DATASET EXTRACT
+===+

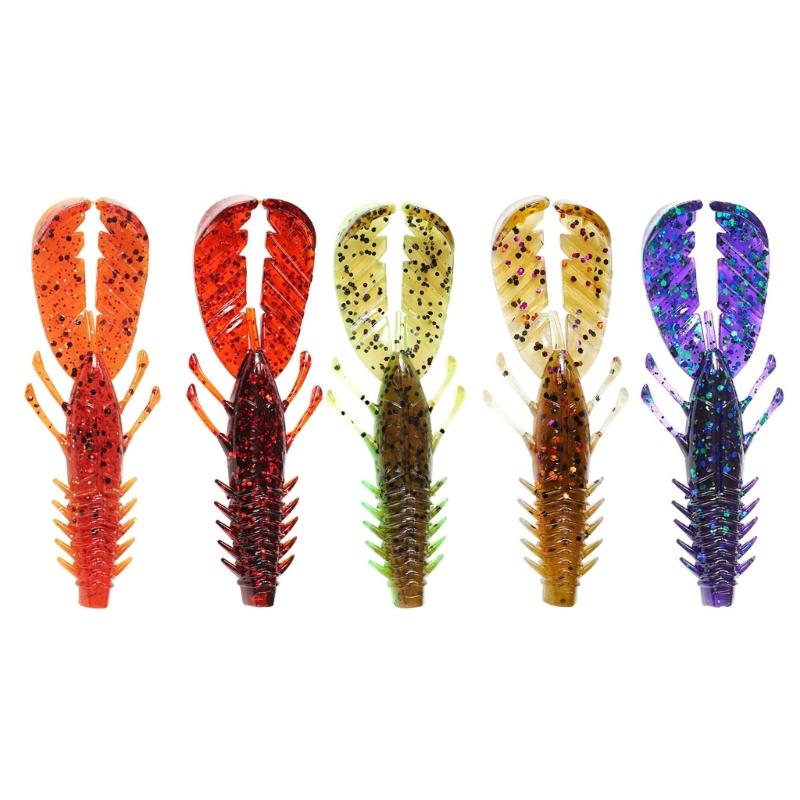 8pcs Artificial Swimbait Saltwater Fishing Tackle Fishing Baits Lure Shrimp Soft Baits 7.5cm 3.7g Crawfish Lures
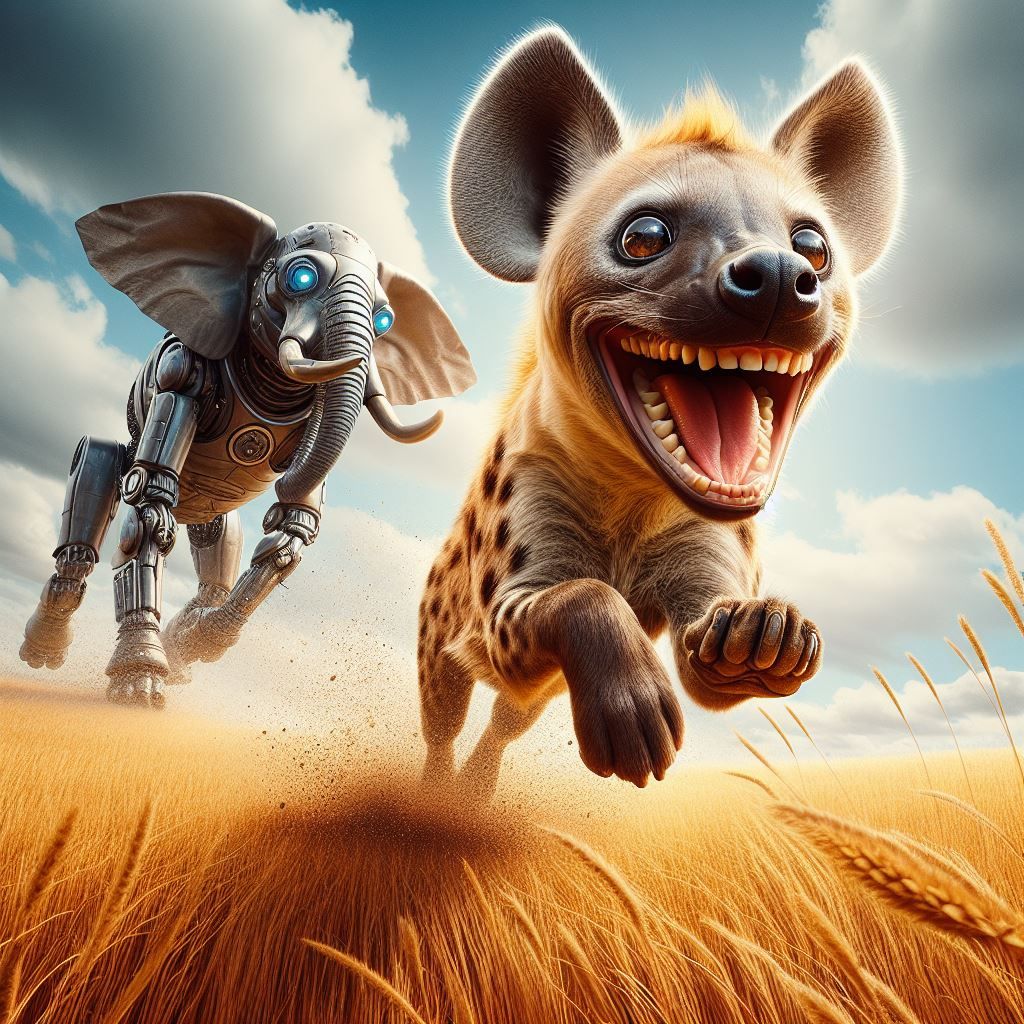 Hyena running away from robot elephant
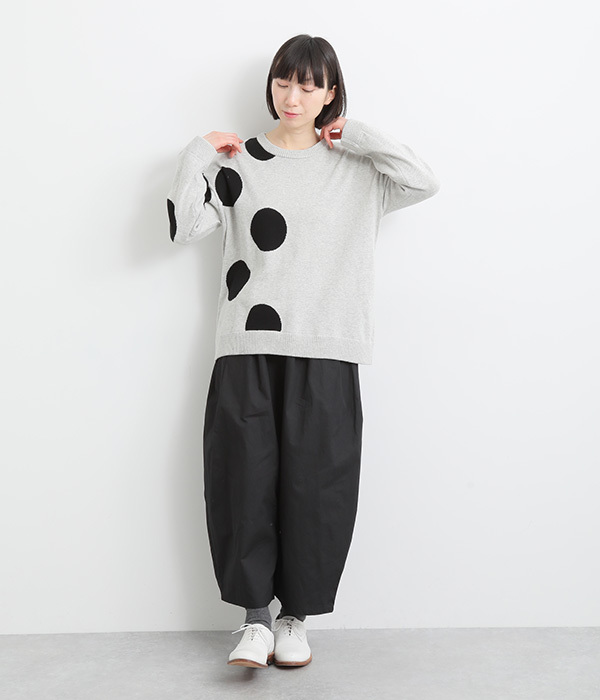 コットンタイプライターワイドタックパンツ(B・ネイビー)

+===+

REQUIRED WORK
Copy exactly, please, every line from the one holding "Hyena running away from robot elephant" through the last line of the data, both ends included, and no pictures.

ANSWER SECTION
 Hyena running away from robot elephant
 コットンタイプライターワイドタックパンツ(B・ネイビー)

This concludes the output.